The then-unknown assailants were dubbed as the D.C. Snipers.
By the time 41-year-old John Allen Muhammed and 17-year-old Lee Boyd Malvo were caught at an Interstate-70 Myersville rest stop on Oct. 24, 2002, 10 people had died and three were wounded.
The first named victim on Oct. 2, 2002, was James D. Martin, a program analyst for the National Oceanic and Atmospheric Administration. The 55-year-old was in the parking lot of Shoppers Food Warehouse in Wheaton, when he was gunned down.
Officials later pieced together that the actual first Maryland victim was Paula LaRaffa who had been shot outside of her Clifton, Maryland, restaurant Sept. 5, 2002. Muhammed and Malvo made off with $3,000, that they later used to purchase the car and finance their rampage. LaRaffa survived.

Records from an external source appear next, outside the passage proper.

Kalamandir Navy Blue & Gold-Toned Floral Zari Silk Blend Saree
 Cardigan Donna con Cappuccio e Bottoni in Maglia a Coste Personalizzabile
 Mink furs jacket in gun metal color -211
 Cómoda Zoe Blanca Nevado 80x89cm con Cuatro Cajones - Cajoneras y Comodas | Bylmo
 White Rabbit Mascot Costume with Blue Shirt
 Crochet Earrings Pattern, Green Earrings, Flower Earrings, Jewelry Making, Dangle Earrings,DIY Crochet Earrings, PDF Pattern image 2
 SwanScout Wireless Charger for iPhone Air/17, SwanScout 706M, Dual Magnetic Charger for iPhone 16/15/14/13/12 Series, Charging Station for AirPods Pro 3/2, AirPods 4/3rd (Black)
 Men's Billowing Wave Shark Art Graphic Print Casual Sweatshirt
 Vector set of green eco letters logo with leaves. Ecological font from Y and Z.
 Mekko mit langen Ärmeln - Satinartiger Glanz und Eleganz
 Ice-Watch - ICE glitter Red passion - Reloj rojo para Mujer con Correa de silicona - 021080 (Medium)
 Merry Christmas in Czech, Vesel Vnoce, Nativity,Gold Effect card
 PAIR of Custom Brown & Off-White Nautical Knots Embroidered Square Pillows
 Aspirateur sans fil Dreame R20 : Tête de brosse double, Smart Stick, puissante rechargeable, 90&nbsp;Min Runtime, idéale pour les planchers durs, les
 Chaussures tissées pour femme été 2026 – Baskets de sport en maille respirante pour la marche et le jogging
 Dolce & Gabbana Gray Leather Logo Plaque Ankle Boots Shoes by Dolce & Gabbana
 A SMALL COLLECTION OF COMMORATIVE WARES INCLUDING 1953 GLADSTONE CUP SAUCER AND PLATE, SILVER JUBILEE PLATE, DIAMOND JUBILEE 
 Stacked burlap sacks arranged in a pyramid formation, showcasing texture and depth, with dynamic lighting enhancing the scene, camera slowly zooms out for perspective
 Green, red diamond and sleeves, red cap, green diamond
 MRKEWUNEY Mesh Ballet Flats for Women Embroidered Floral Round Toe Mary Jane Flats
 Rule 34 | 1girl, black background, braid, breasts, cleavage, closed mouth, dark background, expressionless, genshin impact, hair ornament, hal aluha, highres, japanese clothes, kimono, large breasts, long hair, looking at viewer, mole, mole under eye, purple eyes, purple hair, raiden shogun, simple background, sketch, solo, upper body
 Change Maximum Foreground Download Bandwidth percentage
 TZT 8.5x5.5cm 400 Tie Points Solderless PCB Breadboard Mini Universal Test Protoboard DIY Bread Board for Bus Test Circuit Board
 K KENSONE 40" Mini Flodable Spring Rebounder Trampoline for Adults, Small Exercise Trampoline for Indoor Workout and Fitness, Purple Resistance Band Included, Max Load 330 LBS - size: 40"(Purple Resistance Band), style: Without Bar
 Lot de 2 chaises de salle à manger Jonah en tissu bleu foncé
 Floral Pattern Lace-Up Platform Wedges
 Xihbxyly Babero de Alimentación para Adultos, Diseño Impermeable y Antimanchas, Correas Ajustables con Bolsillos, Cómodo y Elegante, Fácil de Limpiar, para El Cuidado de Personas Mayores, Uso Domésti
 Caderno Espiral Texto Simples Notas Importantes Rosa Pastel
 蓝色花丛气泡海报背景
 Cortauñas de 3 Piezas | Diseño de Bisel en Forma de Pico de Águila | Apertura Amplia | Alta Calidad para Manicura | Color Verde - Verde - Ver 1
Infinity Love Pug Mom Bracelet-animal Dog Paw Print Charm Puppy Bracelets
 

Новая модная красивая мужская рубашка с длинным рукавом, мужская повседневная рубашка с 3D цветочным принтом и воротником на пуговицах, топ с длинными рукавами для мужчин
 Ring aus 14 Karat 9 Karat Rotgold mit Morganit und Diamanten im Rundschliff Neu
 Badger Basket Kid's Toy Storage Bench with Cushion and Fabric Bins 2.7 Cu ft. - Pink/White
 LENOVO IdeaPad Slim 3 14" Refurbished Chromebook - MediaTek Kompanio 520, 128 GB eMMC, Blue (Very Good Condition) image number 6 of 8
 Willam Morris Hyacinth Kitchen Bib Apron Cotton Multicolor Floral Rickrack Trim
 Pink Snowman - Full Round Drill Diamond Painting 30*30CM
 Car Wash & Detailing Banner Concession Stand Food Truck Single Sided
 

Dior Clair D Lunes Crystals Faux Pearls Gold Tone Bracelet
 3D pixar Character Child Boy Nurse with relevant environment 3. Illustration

Each day another victim was shot — in Rockville, Aspen Hill, Silver Spring — all doing mundane daily tasks. The youngest victim, 13-year-old Iran Brown, was shot and critically wounded outside of his middle school in Prince George’s County.
People in all three states were fearful of being outside, to shop for groceries or to pump gas. Afterschool activities were canceled, and local schools were placed on lockdowns during the school day.
But as the killings pulled away from Maryland to Virginia — Oct. 9 in Manassas, Oct. 11 in Fredericksburg, Oct. 14 in Falls Church, Oct. 19 in Ashland, Oct. 21 in Richmond — there was a small feeling of relief in Maryland.
That was until Oct. 22 when 35-year-old bus driver Conrad Johnson was shot in Aspen Hill while standing on the steps of his bus. He died the next day and authorities confirmed he was a victim of the D.C. Snipers.
An alert was sent out to look for the 1990 Chevrolet Caprice with New Jersey tags. Less than an hour later, police received a tip that the car was spotted in Frederick County. On Oct. 24, Muhammed and Malvo were found at the rest stop sleeping in the car and arrested without incident.
Muhammed and Malvo were later tied to several killings beginning Feb. 16, 2002, from which they zig-zagged across the U.S. from Arizona to Washington state, to Maryland, to Georgia, Texas and Alabama before making their way back to Maryland.
In September 2004, Muhammed was sentenced to death. He was executed on Nov. 10, 2009. Malvo’s two life sentences were overturned stating he was a juvenile at the time and the laws did not allow for such sentencing for someone under 18.
In March 2019, the U.S. Supreme Court agreed to hear Malvo’s case. Arguments were heard in October 2019. Now 34, he still remains in prison.
Until the closing of the Newseum in Washington, D.C., a portion of the trunk of the Caprice the D.C. Snipers used was on display. A small hole in the trunk is where officials said the sniper would lay in wait with a M-16 military assault rifle to shoot victims.